Is it a good practice to instantiate a HashSet from an IEnumerable before using Contains()?


The piece of code below filters an IEnumerable<T> with another, used as a blacklist. The filtered collection iterates over content fetched remotely (lazy loading, YouTube API).

IEnumerable<CustomType> contentThatCanBeHuge = this.FetchContentThatCanBeHuge();
IEnumerable<string> blackListContent = this.FetchBlackListContent();
return contentThatCanBeHuge.Where(x => !blackListContent.Contains(x.Id));

The Enumerable.Contains method is O(n) in time complexity, so the Enumerable.Where call could take a while.

In the other hand, HashSet<T>.Contains is O(1). Instantiating a HashSet<T> from an IEnumerable<T> seems to be O(n).

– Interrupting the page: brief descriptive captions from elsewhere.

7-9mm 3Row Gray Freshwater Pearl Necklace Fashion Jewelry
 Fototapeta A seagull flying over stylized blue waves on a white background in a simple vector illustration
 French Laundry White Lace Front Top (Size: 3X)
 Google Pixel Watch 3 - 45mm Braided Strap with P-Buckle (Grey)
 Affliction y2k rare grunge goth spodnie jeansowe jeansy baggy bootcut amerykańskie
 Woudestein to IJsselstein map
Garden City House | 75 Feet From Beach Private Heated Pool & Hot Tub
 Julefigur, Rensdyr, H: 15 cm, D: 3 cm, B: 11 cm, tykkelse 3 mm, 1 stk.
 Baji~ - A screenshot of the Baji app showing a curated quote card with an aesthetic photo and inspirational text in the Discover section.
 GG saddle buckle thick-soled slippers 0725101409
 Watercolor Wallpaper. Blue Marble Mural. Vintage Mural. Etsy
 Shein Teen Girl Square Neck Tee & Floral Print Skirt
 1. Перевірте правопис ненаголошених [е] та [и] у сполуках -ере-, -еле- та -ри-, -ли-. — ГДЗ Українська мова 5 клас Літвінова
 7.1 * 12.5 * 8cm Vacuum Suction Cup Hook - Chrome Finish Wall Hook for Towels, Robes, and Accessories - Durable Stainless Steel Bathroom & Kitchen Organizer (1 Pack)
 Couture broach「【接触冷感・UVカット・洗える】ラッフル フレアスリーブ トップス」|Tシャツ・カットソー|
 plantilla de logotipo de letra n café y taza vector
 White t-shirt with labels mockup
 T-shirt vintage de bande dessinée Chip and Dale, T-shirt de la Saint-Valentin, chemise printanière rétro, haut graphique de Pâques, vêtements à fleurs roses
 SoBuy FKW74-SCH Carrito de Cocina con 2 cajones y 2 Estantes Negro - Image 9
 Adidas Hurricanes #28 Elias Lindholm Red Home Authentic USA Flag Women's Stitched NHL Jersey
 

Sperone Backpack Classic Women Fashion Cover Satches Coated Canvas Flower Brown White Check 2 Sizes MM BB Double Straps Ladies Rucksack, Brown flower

If the blacklist is about to be used multiple times, and without taking space complexity into account, is it a good approach to turn it into a HashSet<T> before using it or is this just premature optimization?


Solution

  • Let size of blackListContent be m and size of contentThatCanBeHuge is n.

    If we don't use HashSet, time complexity is O(n * O(m)) = O(n * m), space complexity is O(1): for each item in contentThatCanBeHuge we should scan entire blackListContent.

    If we use HashSet, time complexity is O(m) + O(n * O(1)) = O(n + m), space complexity is O(m):

    1. We create HashSet - O(m) time complexity, O(m) space complexity.
    2. For each item in contentThatCanBeHuge we should check it with rspect of HashSet - O(n * O(1)) time complexity.

    So far so good HashSet makes the code faster but we consumes more memory.